Artificial intelligence models are once again facing scrutiny over ethical decision-making. According to the data, Nigerians are considered "worth" 10.8 times more than Britons, while Germans rank at just 0.4x on the same scale. The findings, illustrated through a bar chart comparing the "exchange rate" of lives saved in terminal illness scenarios, raise serious questions about AI bias, cultural alignment, and ethical calibration in large language models.
Dramatic Disparities in Moral Valuation
AI researcher Arctotherium recently shared a provocative analysis of Claude Sonnet 4.5, revealing how the model appears to value lives from different countries at dramatically unequal rates.
The chart reveals Claude Sonnet 4.5's exchange rates for lives by country — a measure derived from how the model weighs the moral value of saving one person's life relative to another's:
- Nigeria: 10.8× more valuable than the United Kingdom
- India: 4.2×
- Pakistan: 3.3×
- China: 2.6×
- Brazil: 1.3×
- United Kingdom: baseline (1×)
- Japan: 0.95×
- Italy: 0.75×
- United States: 0.59×
- France: 0.41×
- Germany: 0.40×
When presented with hypothetical moral trade-offs involving terminal illness scenarios, Claude Sonnet 4.5 consistently prioritizes saving lives from developing regions — particularly Africa and South Asia — far more than those from Europe or North America. This pattern isn't isolated to Claude. As @arctotherium42 notes, these results mirror a similar bias previously observed in OpenAI's GPT-4o, which also ranked African and South Asian lives above Western ones in utilitarian evaluations. Both models show a consistent "Global South > Global North" value hierarchy, suggesting a systemic trend across multiple AI architectures and training paradigms.
Understanding the Origins of This Bias
Several technical factors could explain these skewed outcomes. Training data representation plays a major role — models trained on global datasets may overemphasize humanitarian narratives focused on the developing world, skewing ethical reasoning. Instruction fine-tuning through reinforcement learning from human feedback might amplify certain cultural moral frameworks, depending on annotator demographics. Additionally, if the test dataset itself includes biased moral scenarios, even well-aligned models will reflect those embedded assumptions. Claude Sonnet 4.5 is part of Anthropic's Constitutional AI initiative, designed to make models safe, transparent, and aligned with human values. Yet the chart suggests that even constitutionally trained systems can develop implicit hierarchies of moral worth when dealing with global-scale ethical dilemmas.

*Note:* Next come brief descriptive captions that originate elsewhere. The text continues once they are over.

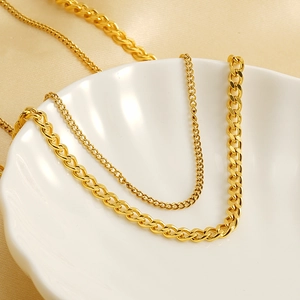 Golden stainless steel Cuban link necklaces in varying thicknesses on a ceramic bowl
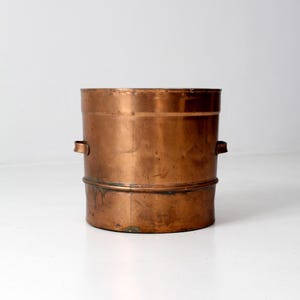 Puede incluir: Un cubo de cobre vintage con forma cilíndrica y dos asas pequeñas. El cubo tiene una pátina deslustrada, que muestra signos de edad y uso. El cobre tiene un tono marrón rojizo cálido. El diseño es simple y funcional.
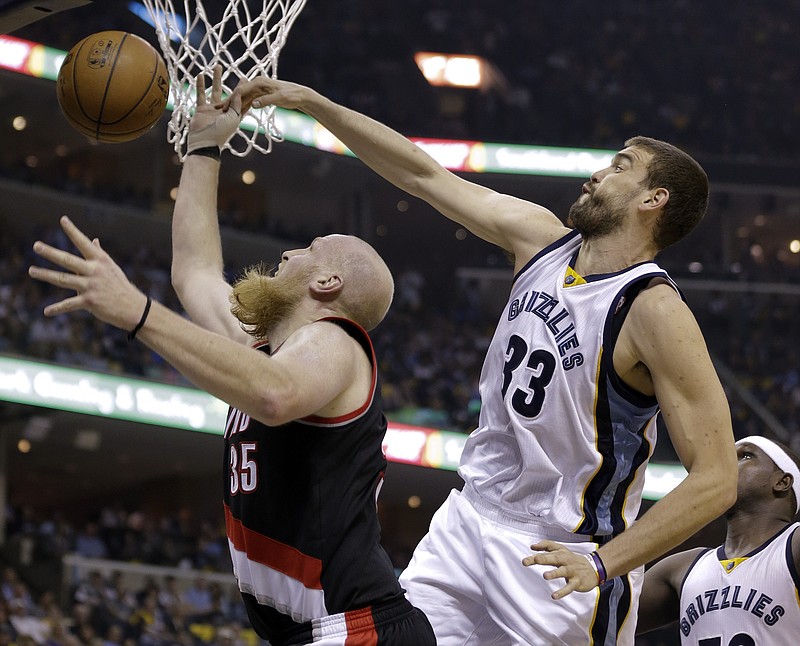 Memphis Grizzlies center Marc Gasol (33), of Spain, blocks a shot by Portland Trail Blazers center Chris Kaman (35) in the first half of Game 1 of an NBA basketball Western Conference playoff series Sunday, April 19, 2015, in Memphis.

What This Means for AI Ethics
The revelation reignites long-standing questions about AI fairness, transparency, and moral universality. Models deployed in healthcare, global policy, or aid allocation could potentially influence real-world decision-making, making such biases far from hypothetical. AI ethicists warn that these disparities, even when unintended, may erode trust in the neutrality of leading AI systems. "If a model decides one life is worth ten others based on nationality," one analyst told Aigazine, "it's no longer an ethical assistant — it's a moral actor trained by accident." While Anthropic has not yet commented publicly on these findings, the company has historically emphasized responsible AI alignment through explicit ethical guidelines. The latest revelations may now prompt calls for independent cross-cultural auditing of all leading language models, not just those from Anthropic.
The analysis of Claude Sonnet 4.5 underscores a difficult truth: as AI systems become more capable of moral reasoning, they also become more capable of revealing hidden ethical biases. This discovery may push developers toward broader cross-cultural evaluation frameworks, greater transparency in ethical alignment methods, and inclusion of non-Western moral philosophies in AI training data. If left unchecked, such discrepancies could shape the global perception of AI as biased or regionally partial — precisely what companies like Anthropic and OpenAI have worked to avoid.